Khan of the Tatar Crimean Khanate
- Reign: November 1771 – Spring 1775
- Predecessor: Selim III Giray
- Successor: Devlet IV Giray
- Born: 1726
- Died: 1807 (aged 80–81) Çatalca, Ottoman Empire

= Sahib II Giray =

Khan of Crimea from 1771 to 1775

Sahib II Giray (1726 – 1807) was the Khan of Crimea from November 1771 to spring of 1775, when he was overthrown. He was often described as being "an accomplished but quiet man".

== Reign ==
Sahib II Giray became Khan in November 1771, following the abdication of Selim III Giray. By this point, Russia and the Ottoman Empire had been at war with each other since 1768, with the Crimean Khanate getting caught up in it. In 1774, Russia defeated the Ottomans, and the subsequent Treaty of Küçük Kaynarca saw Crimea become independent.
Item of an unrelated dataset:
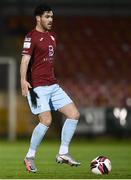 26 March 2021; Darren Murphy of Cobh Ramblers during the SSE Airtricity League First Division match between Cork City and Cobh Ramblers at Turners Cross in Cork. Photo by Harry Murphy/Sportsfile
Sahib II was no longer a subject to the Ottomans, however this wouldn't last for long. In spring of 1775, he was overthrown by a group of disgruntled beys. He then fled to the Ottoman Empire, being welcomed by Sultan Abdulhamid I, and was given a generous pension and allowed to live in Bulgaria. He died in 1807 in Çatalca.